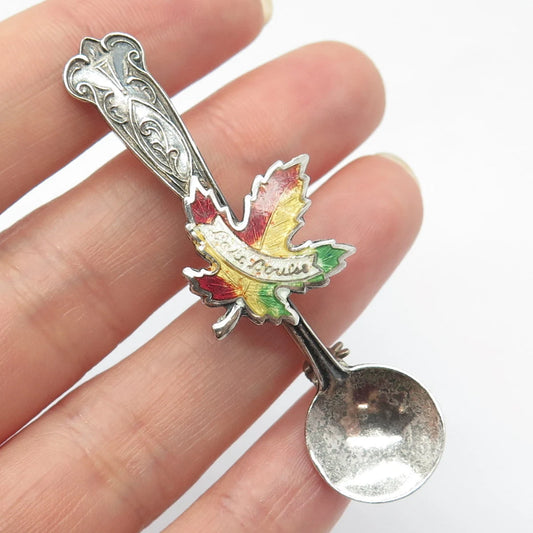 925 Sterling Silver Vintage BMCo Colorful Enamel Maple Leaf Spoon Pin Brooch
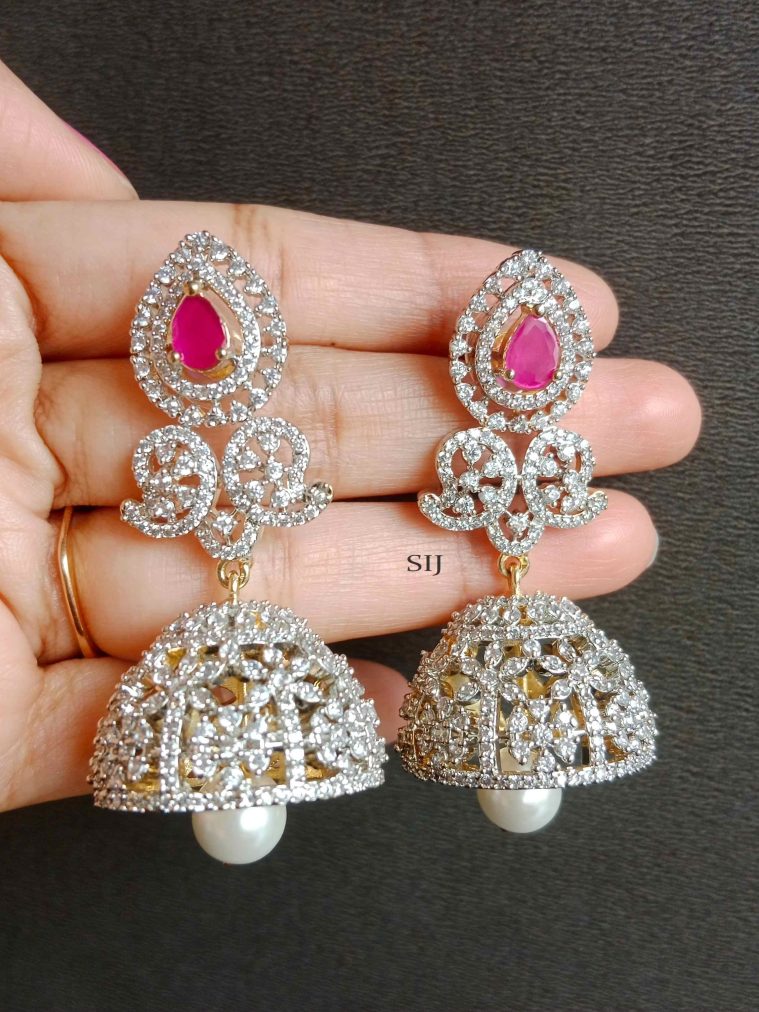 AD and Ruby Stone Jhumka SPAIE02512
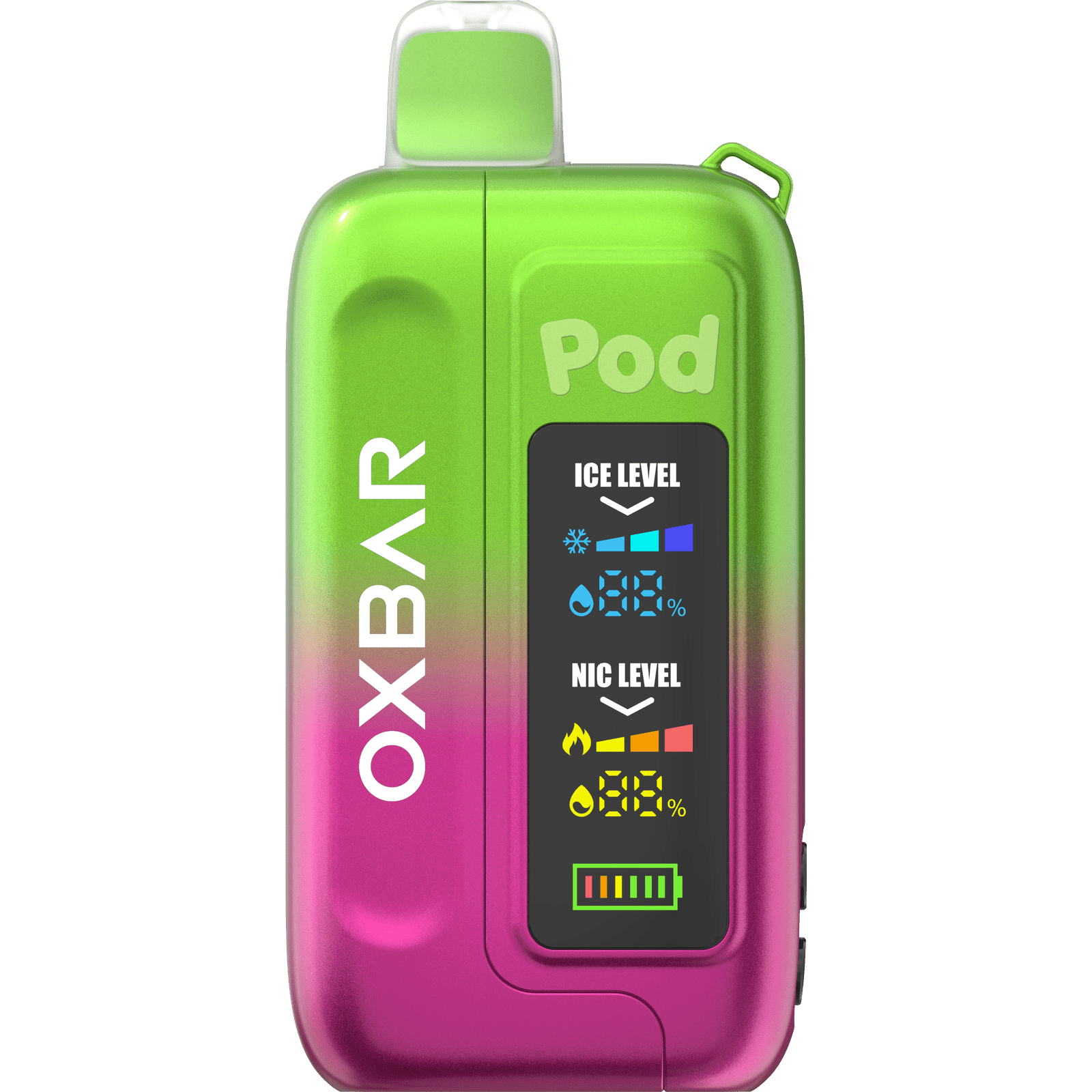 Oxbar ICE-NIC Control 35K Puff disposable vape device with sleek design and colorful branding, showcasing its portable and compact form.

□ □ □ □ □ □ □

◆ **Task directions**
Set the lines down exactly as they stand, from the one containing "AD and Ruby Stone Jhumka SPAIE02512" through the end of the listing, omitting every picture.

◆ **Answer**
 AD and Ruby Stone Jhumka SPAIE02512
 Oxbar ICE-NIC Control 35K Puff disposable vape device with sleek design and colorful branding, showcasing its portable and compact form.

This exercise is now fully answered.